Hace unos días mi amigo don Fernando Villanueva, librero de viejo, o quizá sea más elegante llamarlo librero anticuario, me consiguió el librote larga y lentamente titulado (respire usted hondo) Diccionario de seudónimos, anagramas, iniciales y otros alias usados por escritores mexicanos y extranjeros que han publicado en México (impreso en el año 2000 y debido a la autoría de María del Carmen Castañeda y Sergio Márquez Acevedo, académicos de Lengua y Literatura Española del Instituto de Investigaciones Bibliográficas de la UNAM), en cuyas 916 páginas me encontré dos veces, la primera como uno de los autores involuntarios, pues se publica como uno de los muchos prólogos un artículo mío, y la segunda fichado como usuario de unos cuantos seudónimos.
Contra lo que podría creerse, o temerse, el libro es ameno, siquiera para los detectives profesionales y amateurs de las letras mexicanas y adláteres. Por dar un ejemplo estupefaciente ahí está don Ireneo Paz, abuelo del poeta Octavio, con 300 seudónimos que van de la A la Zeta, desde fray Albérchigo a fray Zumba, pasando por fray Caramba, fray Culantro, fray Chorizo, fray Chilaquile, fray Diábolo, fray Guamazo, fray Pichilingüe, fray Trompetilla… Está Inés Arredondo, que se seudonimizó para abolir su apellido Camelo. Está Juan Nepomuceno Pérez Vizcaíno, que tomó un apellido lejano de la abuela para ser nada menos que Juan Rulfo. Está el Duque Job, que en realidad era plebeyo pero gran escritor y se llamaba Manuel Gutiérrez Nájera. Está el falaz buscador de perlas Nikito Nipongo, que ocultaba su origen de acá como Raúl Prieto. Está Gerardo Deniz, que había sido alguna vez Juan Almela. Está Rubén Darío, que publicó en México… y por tanto debe estar, y que se presentó en el firmamento de la gloria ocultando que era cualquier Félix Rubén García Sarmiento. Etcétera y etecé. Pero en cambio no está un también gran poeta como Gabriel Zaid, del que se murmura que ese apellido es tan solo un Díaz puesto al revés, pero desde luego… quién sabe.

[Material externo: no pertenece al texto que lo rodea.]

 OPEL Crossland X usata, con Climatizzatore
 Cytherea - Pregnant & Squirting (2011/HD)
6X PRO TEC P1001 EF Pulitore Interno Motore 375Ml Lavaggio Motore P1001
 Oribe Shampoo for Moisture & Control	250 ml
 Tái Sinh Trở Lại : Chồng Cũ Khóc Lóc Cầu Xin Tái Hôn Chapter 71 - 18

Hay que considerar que si algunos escritores se seudonimizan eso no necesariamente significa que sean impostores, sino que necesitan la máscara para poder decir y hasta gritar su verdad, o que verdaderamente en su interior ha nacido otro personaje, quizá otra persona… y hasta todo un personerío. Fernando Pessoa llevaba dentro de sí hasta cuatro poetas, y cada uno con nombre y apellido, con estilos diferentes de vivir y escribir. Y lo mismo puede decirse de Antonio Machado.

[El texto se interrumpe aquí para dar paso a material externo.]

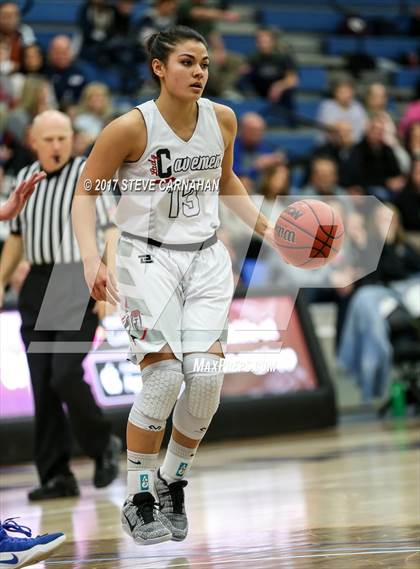 Thumbnail 3 in Fremont vs American Fork (UHSAA 5A Quarterfinal) photogallery.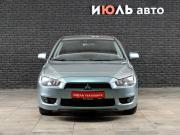 Mitsubishi Lancer X Екатеринбург  - изображение 20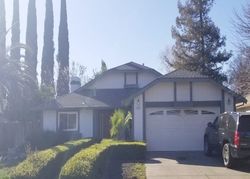Pre-foreclosure in  STANHOPE WAY Sacramento, CA 95833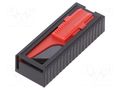 Blade; 18mm; 10pcs. MEDID MED.897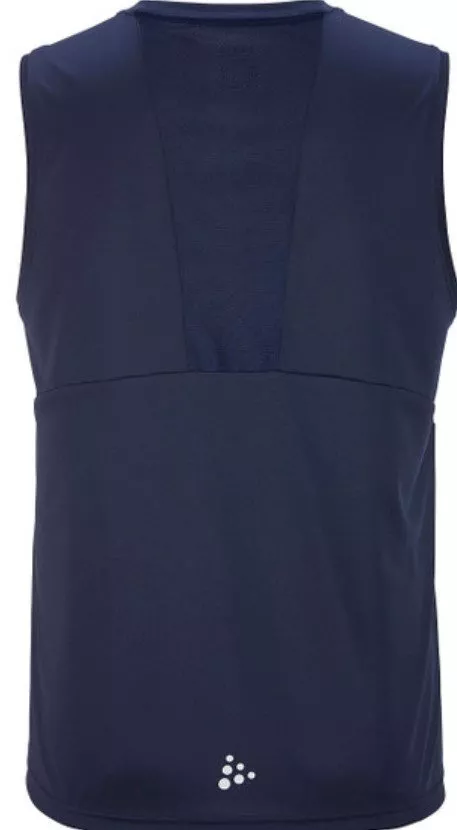 Craft Rush 2.0 Singlet T-Shirt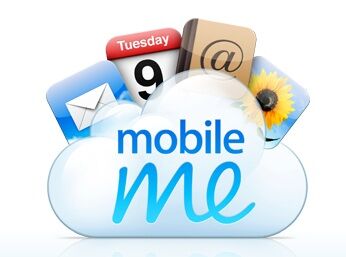 Mobile Me Logo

El ensayista, que se encuentra ante el titipuchal de autores que firmaron artículos, novelas, dramas, ensayos, poemas, y puede ser que hasta cheques, con otros nombres y apellidos de los que se les dieron en el Registro Civil y en la pila bautismal, se pregunta por qué esa astuta o cándida manía del seudónimo, el heterónimo, el nombre de pluma o el autoapodo. Mark Twain, cuyo nombre de origen era Samuel Langhorne Clemens, aseguraba que las obras de Shakespeare las escribió otro autor con ese mismo apellido. Otro poeta más, el tabasqueño Carlos Pellicer, decía que “todo es posible, menos llamarse Carlos”, ¿o “hasta llamarse Carlos”?, y perdón por la desmemoria, pero es que uno ya se marea con este asunto de la seudonimia o la heteronimia y tantos autores que las ejercen.

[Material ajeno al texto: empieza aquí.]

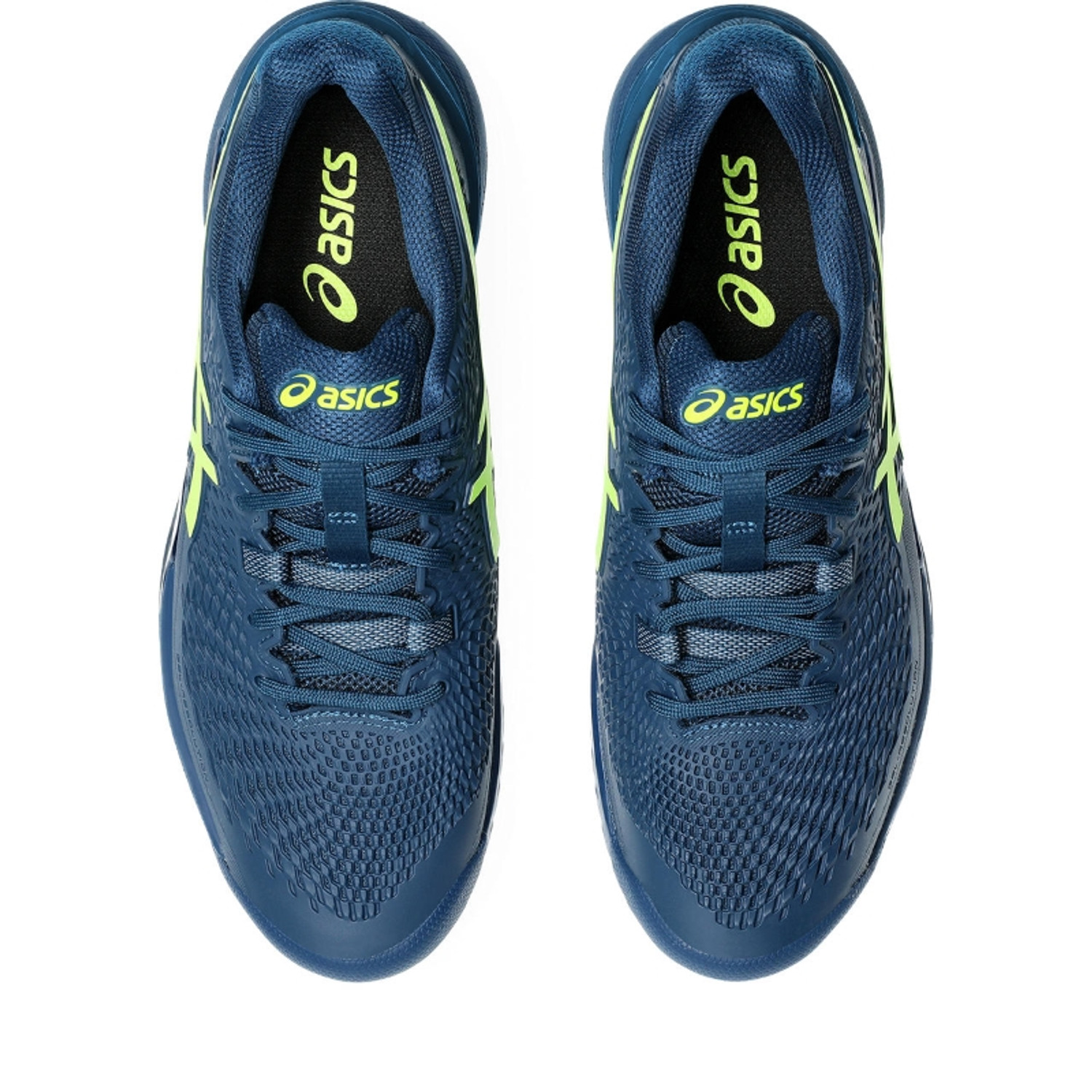 Asics luminus deals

Para finalizar, y discúlpeseme si parece que esta mañana desperté con prurito de filósofo, yo diría que el ser, y por tanto el ser escritor, solo es completo cuando se asume como un dúo o una muchedumbre de seres. Tal quimera del seudónimo o heterónimo, e incluso el antónimo, quizá intuida por Arthur Rimbaud cuando proclamó “Yo es Otro”, explicaría en el escritor la asunción de sí mismo como cuando menos una pareja, a veces interiormente contradictoria, cuando no en pelea. ¿Y no será que el juicioso Miguel de Cervantes Saavedra quería quedar como biografiado, escrito, por el loco hidalgo don Quijote de la Mancha? ¿O bien no será que el seudónimo es el nombre verdadero porque es el que elegimos, no el que nos imponen?